When she had gone, he fixed himself a drink too—manually—and stood gazing out the room’s window-wall at the encroaching hordes of interchangeable houses across the valley. Thoughts flickered in his mind like a series of projected slides that had been shuffled out of coherent order.

Over a hundred million people in this damned island and they let these blacks come and go as they want.

She seemed like a decent girl and suddenly it turns out that she …

Bloody machine cost a fortune and doesn’t work properly. Have to send for repairmen and they make you wait. Back home it was done by servants and if one of them didn’t work there was always another to be hired and trained.

Decadent, dirty-minded, obsessed with sex like the black brutes we tried to get some sense and civilisation into!

Try telling that to Karen and make her understand, try explaining the spaciousness and real leisure in the life I had to leave behind.

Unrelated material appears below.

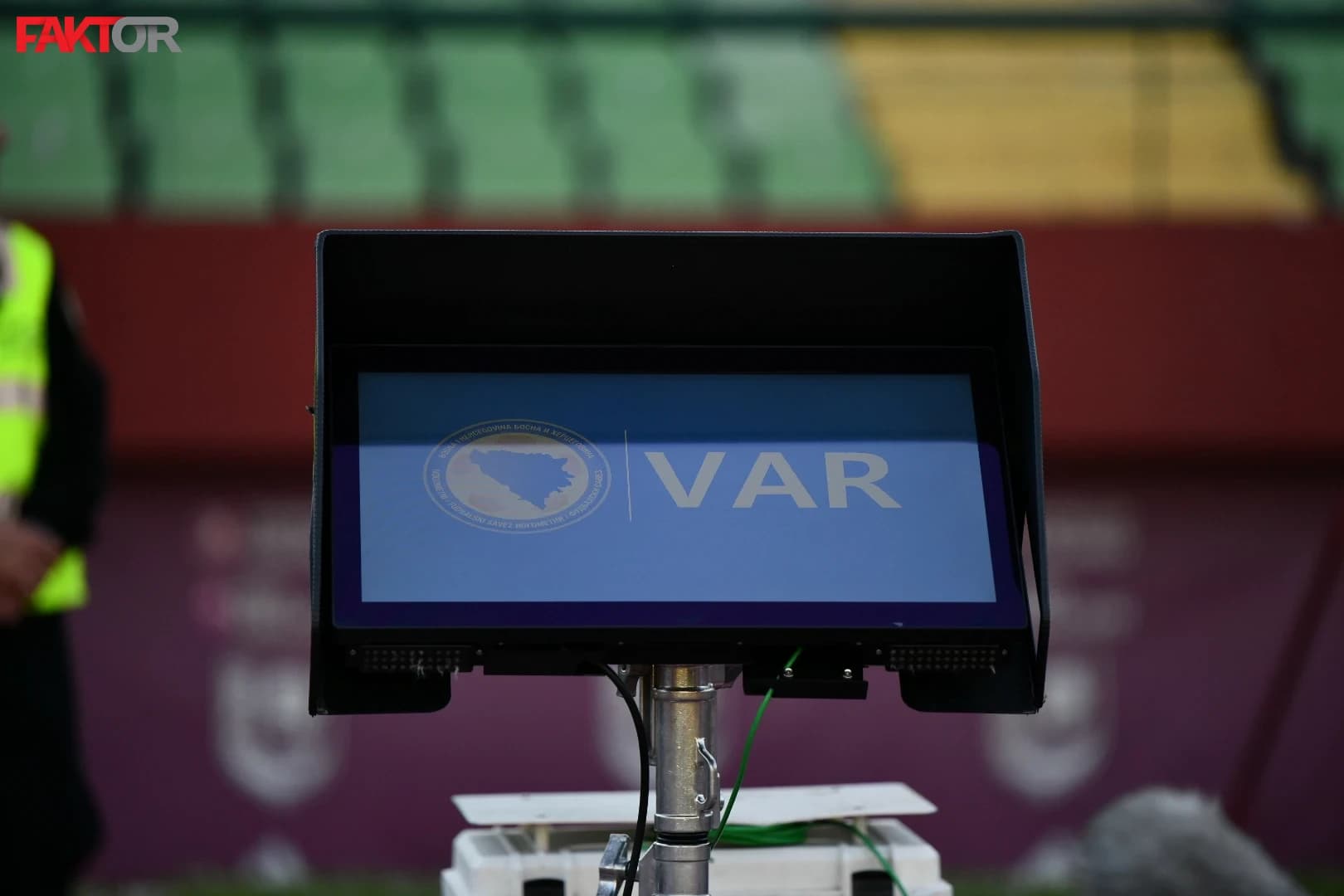 UEFA mijenja način upotrebe VAR-a: Ovo je fudbal, a ne PlayStation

Mary understands; she comes from the same background. We can at least share our grouses if nothing more.

Which, he realised dully, meant that there could never have been any substance in his brief dream of leaving her and going off for a few wild-oat years before he ran out of energy. His marriage to Mary had lasted; his others, to English-born girls, hadn’t. And the same on her side, too: she had been married before to someone who didn’t understand. A row between himself and her didn’t have to be explained away and excused—she felt the same aching disappointment with the world as he did.

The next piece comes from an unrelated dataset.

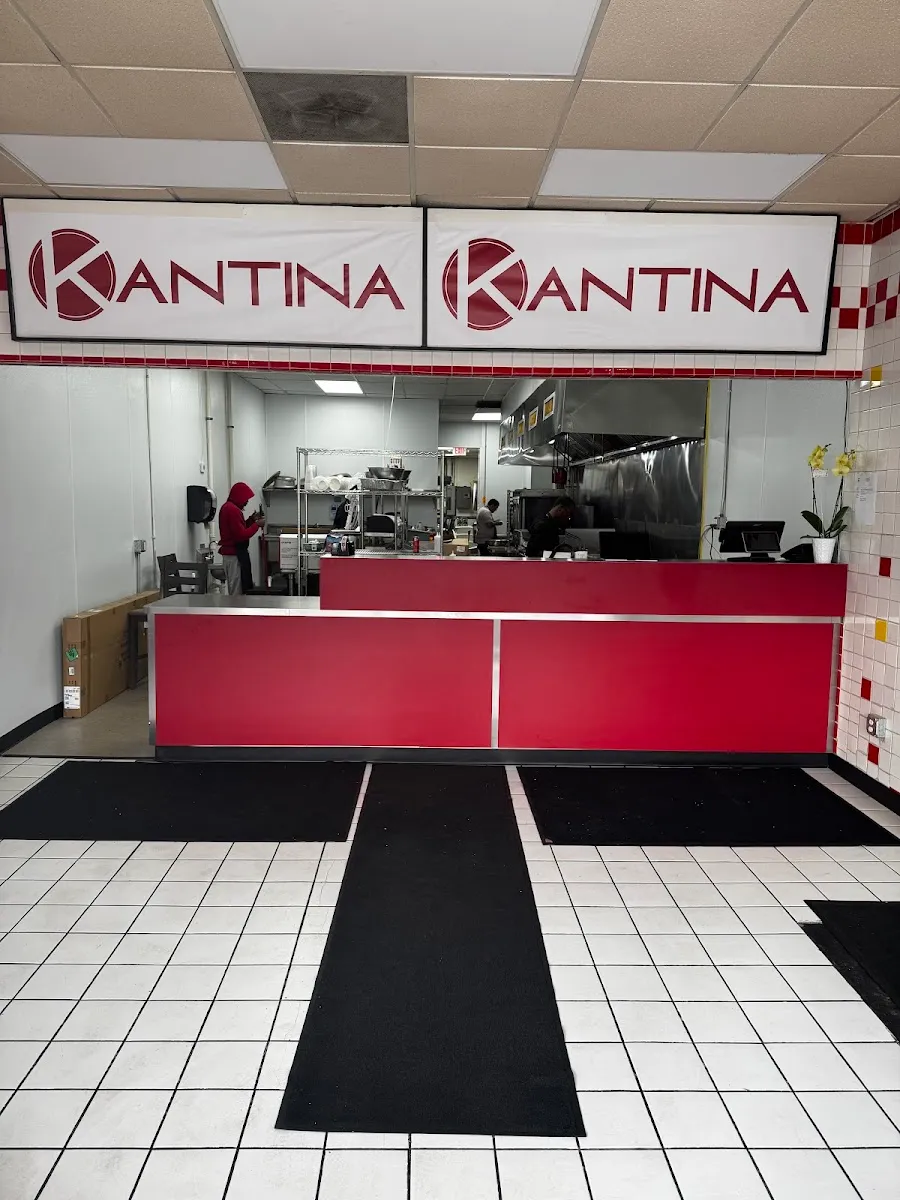Kantina — photo 5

Some people had adjusted, come home after having well-paid jobs in Africa or Asia tugged out from under them, accepted inferior posts at home and worked their way back up. He’d tried and tried, but it never suited him—sooner or later there was a crisis, a loss of temper, a complaint, and an interview with the management … He wasn’t poor, they had enough to live on. But they had no purpose, and almost no occupation.

He wanted to turn back time, and could not.

At least, though, he and Mary had not been allowed children—he had used up his permitted maximum of three in his second marriage, and the two boys and the girl were in their middle twenties now, which meant they had probably just escaped the full impact of the decadence claiming Karen.

If they hadn’t …

But that he would rather not know. If he couldn’t get from life the only thing he desired—return to the colonial society he had been brought up in—he preferred that the world turn its back on him and leave him to mope undisturbed.